When an awards organization has no credibility over the integrity of its voting process and its understanding of true diversity and inclusion, one added casualty is suspicion over whether its winners have been chosen on the basis of their own merits. When supporting actors Daniel Kaluuya (film) and John Boyega (television) became the first winners of the night, some speculated whether the HFPA — whose voting reportedly closed Tuesday, three days after the Times story — truly found them most deserving, or because the organization assumed that giving trophies to Black winners was an adequate make-good for its longstanding deficiencies in membership. The pair have earned praise from more legitimate critics for their work in Judas and the Black Messiah and Small Axe, respectively, but the HFPA has a track record of inconsistent and questionable taste, including ignoring Judas among other Black-led awards season frontrunners Da 5 Bloods, One Night in Miami and Ma Rainey's Black Bottom in its best picture nominations. On the other hand, there were white nominees who prevailed in categories with people of color, to be fair to the HFPA (what a thing to write!).

None of the Black winners — which included Soul co-director Kemp Powers and co-composer Jon Batiste in addition to the late Ma Rainey's star Chadwick Boseman, whose wife, Taylor Simone Ledward, delivered a moving tribute — mentioned the diversity controversy in their acceptance speeches. The presenters — including those who shared the #TimesUpGlobes hashtag criticizing the HFPA in the past week — also stuck to their scripts, except for This is Us' Sterling K. Brown and Susan Kelechi Watson, who archly noted, "It is great to be Black — back — at the Golden Globes."

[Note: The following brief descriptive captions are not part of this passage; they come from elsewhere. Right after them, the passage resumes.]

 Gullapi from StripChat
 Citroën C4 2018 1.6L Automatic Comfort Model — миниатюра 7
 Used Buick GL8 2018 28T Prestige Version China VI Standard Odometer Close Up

The virtual ceremony's plethora of technical difficulties notwithstanding — someone page Democratic National Convention director Glenn Weiss! — the Golden Globes' "the show must go on" parade of gushing acceptance speeches is an indication that the town remains addicted to gilded accolades no matter how dubious the provenance, artists of color perhaps still don't feel entirely safe biting the hand that feeds, and the HFPA will once again likely dodge this latest wave of scrutiny.

The reporters gathered in the virtual press room "backstage" seemed similarly unconcerned with the HFPA's membership issues. Deep into the evening, The Mauritanian's best actress winner Jodie Foster fielded the first question on the controversy, praising the HFPA's response while noting that she has a nostalgic connection to the organization, having attended the Globes since she was in her early teens: "It sounds like the HFPA is open to change."

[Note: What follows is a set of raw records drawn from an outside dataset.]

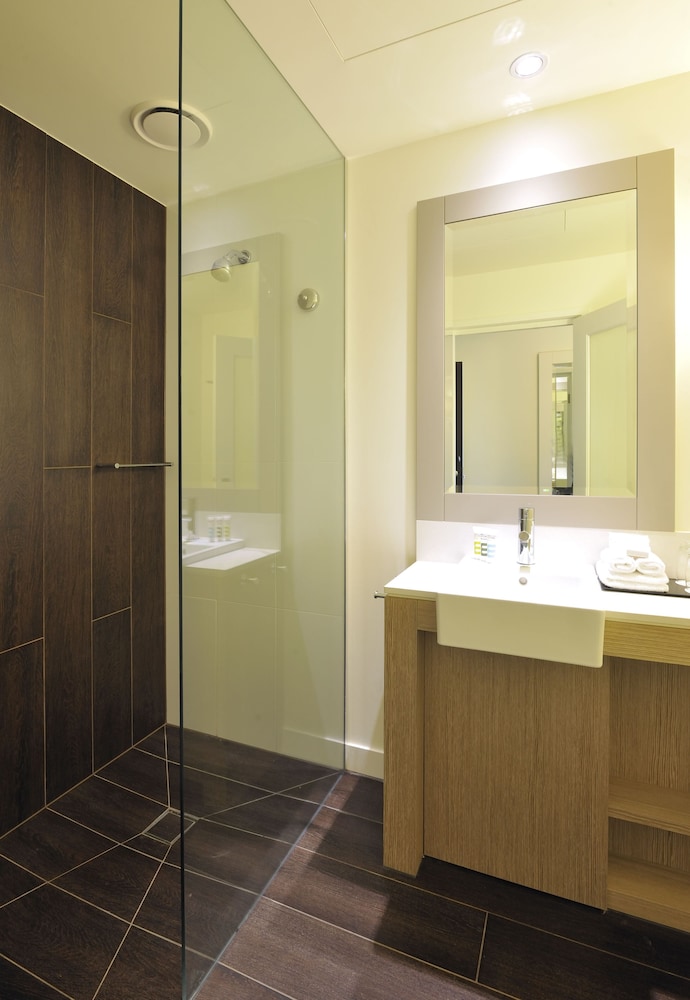 Mercure Portsea 67/67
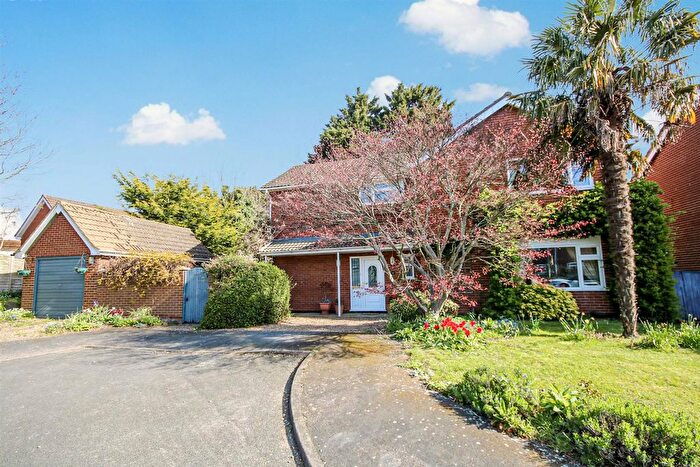 4 Bedroom Detached House For Sale In Dovedales Court, Sprowston, NR6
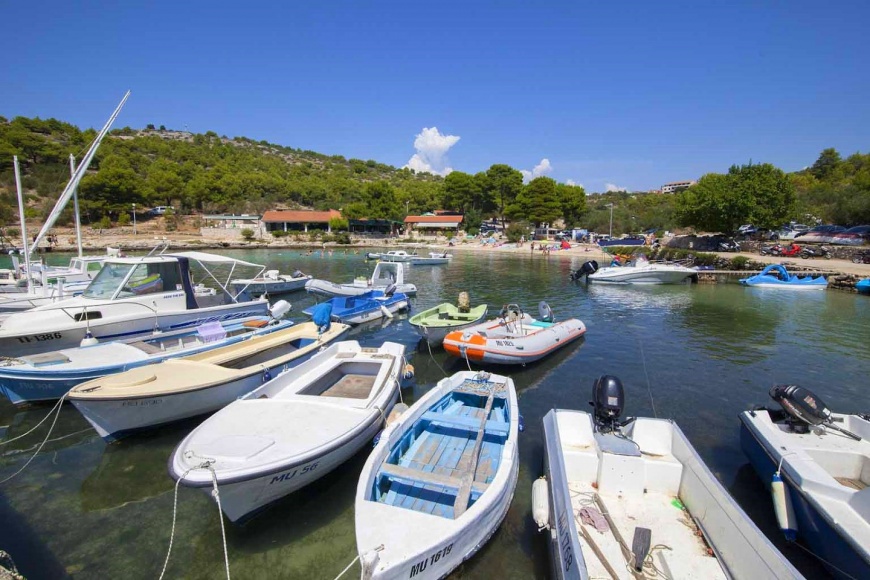 Lučica na plaži Čigrađa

Incidentally, it was a trio of white artists — Cecil B. DeMille Award recipient Jane Fonda, Sacha Baron Cohen and Dan Levy — who were the only winners to address the need for improvement in diversity and inclusion.

"Thank you to the all-white Hollywood Foreign Press," Borat Subsequent Moviefilm's Cohen slipped into his acceptance speech for best musical/comedy motion picture, while Levy, accepting best musical/comedy series for Schitt's Creek, addressed the HFPA directly in his comments: "In the spirit of inclusion, I hope this time next year this ceremony includes the true breadth and depth of the industry today."

After detailing how she was affected by a large number of this season's projects from underrepresented artists and/or about marginalized communities (including Nomadland, Minari, Judas, Ramy, All In: The Fight for Democracy and notable Globes snub I May Destroy You), Fonda said: "There's a story we've been afraid to see and hear in ourselves in this industry. A story about which voices we respect and elevate and which we tune out, who's at the table and who's kept out of the rooms. So let's all of us make an effort to expand that tent so that everyone rises and gets a chance to be seen and heard."

The Golden Globe Awards ceremony is produced by Dick Clark Productions, a division of MRC, which is a co-owner of The Hollywood Reporter through a joint venture with Penske Media titled P-MRC.